Doesn't sound like he took it too serious or at least figured you saved him. May just looked at it as rough play. I wouldn't worry. But I wouldn't let it happen again. Next time it would be GOOOAAAAL. Then you could play a little tug with a toy :twisted:.


----------



## susan tuck (Mar 28, 2006)

I agree with David, considering your pup was bit, it sounds like you reacted right, you didn't panic and act scared yourself, and pups take their cues from us. It sounds like your pup did not suffer any ill effects, but if it happens again, drop kick the little POS. I also think having a high value toy like a tug or ball in your pocket is a real good idea too.


----------



## David Scholes (Jul 12, 2008)

susan tuck said:


> I agree with David, considering your pup was bit, it sounds like you reacted right, you didn't panic and act scared yourself, and pups take their cues from us. It sounds like your pup did not suffer any ill effects, but if it happens again, drop kick the little POS. I also think having a high value toy like a tug or ball in your pocket is a real good idea too.


and if you don't have the toy with you, you can improvise with the "toy" poodle :lol:. 
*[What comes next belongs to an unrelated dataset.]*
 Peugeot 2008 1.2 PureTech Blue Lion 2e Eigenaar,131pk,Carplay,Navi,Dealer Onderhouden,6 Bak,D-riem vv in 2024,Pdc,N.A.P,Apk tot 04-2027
Seriously though, I try to make any negative or scary event turn into positive and fun so they eventually want to work through any fear because they know a reward will come. The results are most evident when training a prey animal such as a horse with clicker, work through the fear and a reward is coming.


----------



## Anne Vaini (Mar 15, 2007)

Dave Immure said:


> I was walking my dog tonight on leash in this snow storm we are having, and all of a sudden a white poodle came out of nowhere and bit my 5 month old GSD. I literally only had time to step between the dogs and yell but the poodle lunged at my GSD and bit his back leg. My gsd yelped. As soon as the poodle latched on I grabbed it by the jaw and forced open its mouth. We're talking real small dog here and then I picked the dog up and held it by the neck until the owner got there. My GSD didn't do anything "aggresive" when I pulled the other dog off him and into the air he just looked at me and him and wagged his tail like he wanted to play. When the owner showed up I told him to get control of his f'n dog (sorry for the language). As soon as the owner walked off I dropped his ball and started playing with him, then took him home and gave him a big meaty lamb bone. My goal was if he was effected by it to get his mind off of it as fast as possible. He has no puncture wounds or anything. No blood. He is acting like nothing happened. Was this a good reaction or a bad reaction? My concern is aggression of course. Considering he was wagging his tail when I pulled him off isnt that a good sign? Can dogs withstand mild attacks (no wounds, pain after the fact) like that and not develop dog on dog agression? What should be my next course of action? I'm so pissed right now haha. Although I'm glad my dog is alright.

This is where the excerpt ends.